Outros dois exemplos curiosos sao Almada e Vila Nova de Gaia, cidades que em habitantes estao no top 10 do pais e que dentro da cidade tem e tiveram mais que dois clubes. Pesquisei agora no Zero Zero :). Mas que nunca tiveram um clube na primeira liga e penso tb na segunda liga.

edit: mas o caso de Portalegre e’ quase comico, estava agora no zero zero e existem dois estadios para tres clubes. Curiosamente o Portus Alacer tem um leao no simbolo. Falamos de uma cidade com muito poucos habitantes. Penso que a menor capital de distrito do pais. Todos esses clubes tem escolas de futebol, ou seja uma boa parte da populacao esta envolvida num desses tres clubes…

E as escolas de futebol destas cidades sempre foram muito boas. Poderíamos ter equipas de 1ª aqui, para reequilibrar o prato da balança. O Paços de Ferreira joga com o Zenit… o Lusitano joga com o Calipolense. Há coisas absolutamente surreais neste país.

Sim, mas esses gajos contam pouco, maior parte do pessoal em Vigo é todo do Celta e tem como grande inimigo o Depor!

Dás-me razão, o resultado é que um anda na 2ª e outro na 3ª. Mas Sheffield é uma grande cidade, como Nottingham ou Bristol. Inglaterra é extremamente urbana e 5 vezes mais populosa e portentosa que Portugal, existem centenas de cidades de 200 ou 300 mil habitantes. Aquilo é gente que nunca mais acaba.

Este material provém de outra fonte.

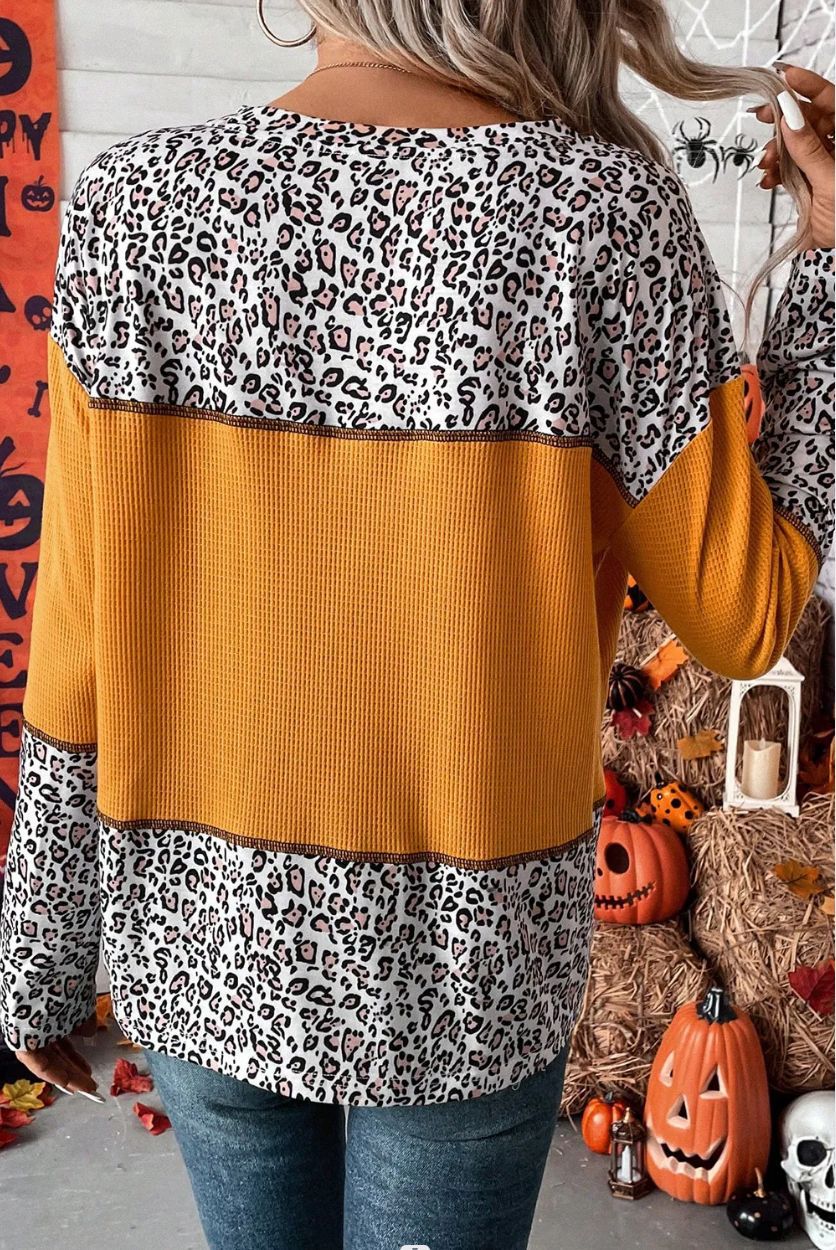 Leopard Splicing Waffle Knit Pullover Sweater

Só um subúrbio de Manchester sozinho como Wigan tem mais de 300 mil habitantes e meteu mais gente em Wembley que o Porto alguma vez havia de sonhar em pôr no Jamor.

Funfact: o Wednesday tem tantos títulos de campeão como o Chelsea e mais que o Manchester City!..

Companheiro, já viste que estás a tentar racionalizar algo que é essencialmente movido por paixão?
Eu percebo o que dizes mas pegando no caso do Barreiro…as sedes do Barreirense e Luso distam uns 50m. Fui sócio do Barreirense e assistia essencialmente ao basket mas sabes quem nos ajudava a ter aulas de educação física num ginásio quando andávamos no preparatório (há mais de 30 anos)? Era o Luso. Era o ginásio deles que era usado pelas escolas que não tinham pavilhão. Ou para aqueles miúdos que não tinham jeito para o desporto, onde achas que tinham a banda onde tocar? Não era no Barreirense. Outro exemplo: o meu pai foi feito sócio do Luso pelo meu avô já falecido. Mesmo em tempos muito difíceis quando o dinheiro escasseava, o meu avô sempre pagou a cota do meu pai que viu o seu tio ser dirigente durante muito tempo. O que achas que o meu pai sentiu quando foi receber o seu Pin de 50 anos de sócio, já o meu avô tinha falecido? E achas que isso alguma vez o impediu de vibrar com as vitórias do Barreirense ou do Fabril?

Claro que podes pegar no meu post e racionalizar tudo o que disse…mas não é assim que as coisas funcionam.
Abraço.

:great:

Eu compreendo isso, mas as paixões de nós indivíduos não podem impedir o progresso do bem comum.